Now, my categorization looks like this:

spending categories personal finance spreadsheet

While not super granular, I do split up utilities, my mortgage and the costs associated with that, any auto expenses, and even track the different taxes I pay each month.

The discretionary spending piece of my spreadsheet hasn’t changed too much: I went from Food, Recreation and Other Withdrawals to Food and Drink, Shopping, Recreation, Hair, Home Improvement, Travel, and Cash Withdrawals. (Hair got it own category because it’s not really shopping, and it didn’t fit in anywhere else 🙂 )

I’ve determined that this expense tracking categorization works for me.

Food and Drink lumps together eating out, grocery shopping, drinks with friends, and drinks from the store. I could break this out, but that’s more work than I want to do.

Recreation? That is golf, the gym, rock climbing, and other fun activities.

Shopping? That’s me going on Amazon to buy books, or spending money at Christmas for my family and friends.

Again, this is the categorization that works for me (remember, personal finance is personal!)

Breaking it Down By the Numbers

Okay Erik, stop messing around! Show me the numbers!

I’ll admit, I’ve been rambling a little bit.

It’s time to get naked and bare all!

(I’m working on being more visual and descriptive with my writing, but I probably didn’t need to write that…)

Spending Habits during My Master’s Program

Back in 2013, I was finishing up my undergraduate degree and starting my Master’s in Financial Math.

The summer of 2013, I started working as a bookkeeper making $12 an hour. To give you a little bit of information on the income side of things, in 2013, I made about $15,000, and after taxes, I was able to keep around $12,500.

Here are all of my expenses from 2013:

personal finance spending college student

I was bringing my lunch to work, going out once a week to the local college bar, and keeping my recreation expenses relatively low.
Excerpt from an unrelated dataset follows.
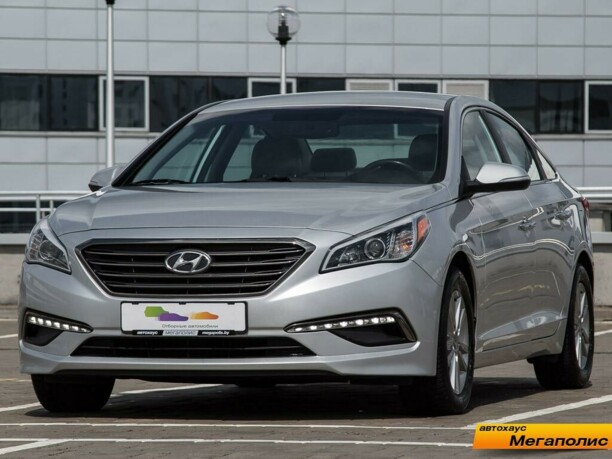 Hyundai Sonata LF, 2015 г.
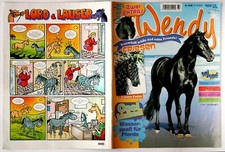 Wendy Mädchen Pferde Comic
For the first 8 months of 2013, I shared a 2 bedroom apartment with 2 other guys and was paying $522 a month in rent. For the last 4 months, we moved to a 3 bedroom duplex and our rent was $425. (The extra bit in the rent category is utilities I’m guessing).
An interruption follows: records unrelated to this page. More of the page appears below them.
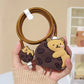 Iphone Charger Case Cover - Cookie Bear - 4 Piece Set (With Wire Protector)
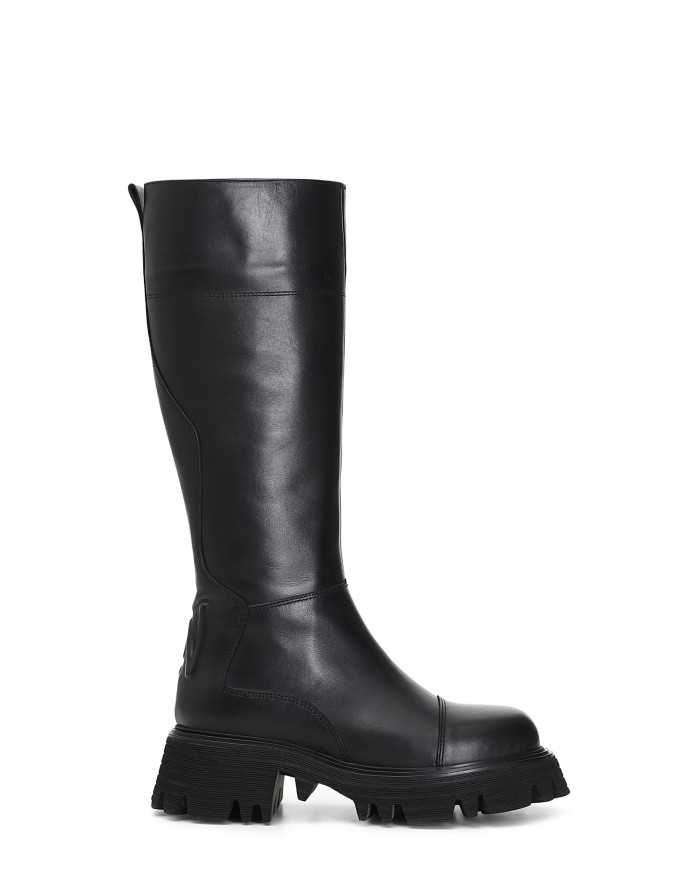 CafèNoir Stivale Nero - Glamour Calzature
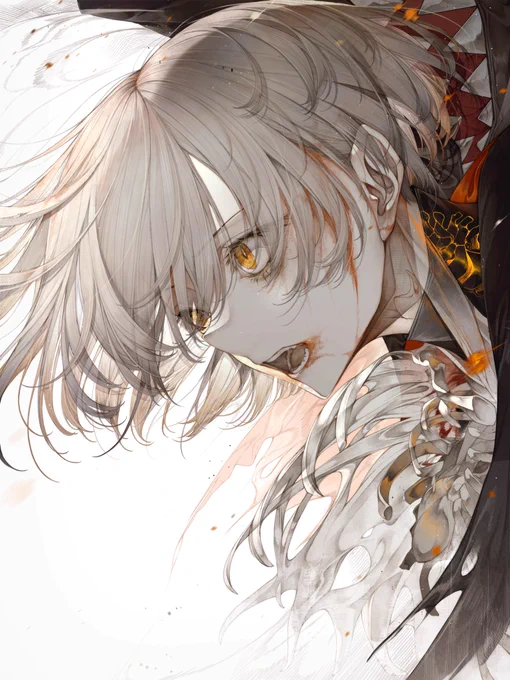 「廻人」リリースまであと4日!👑

「いのちの食べ方」
illust:ヒトこもる(@Hitoimim ) #廻人
迫力のあるイラストを描いて下さったのはヒトこもるさんです。

アルバム初回予約には4月から始まるライブツアー先行のシリアルコードも封入されます。是非ともご予約下さい。
https://t.co/aRjlCNnhdG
Other withdrawals is a mystery here: I’m guessing this is shopping or something along those lines.

In 2014, it seems I became a little more comfortable with spending money, and to give you some perspective again, I was still working as a bookkeeper making about $20,000. I took home around $16,000 that year.

Back in 2014, I was networking more for work purposes (and for wife-y purposes, let’s be honest), and would go out to the bar most weekends with friends.

Here are all of my expenses from 2014:

expenses midwest 25 year old frugal

In September, I moved again and started renting for $500 a month. It seems I was starting to spend more on recreation and food, but overall, spending only increased about $1,000 year over year.

Spending Habits after Getting a Real Job

As I mentioned above, I didn’t track my expenses in 2015. I was paying down debt at a rapid pace, bought a house, and started to contribute to my 401(k).

Focusing on the income side of things took focus away from my expenses, and as I said, being relatively frugal, the expenses clearly didn’t cross my mind too much.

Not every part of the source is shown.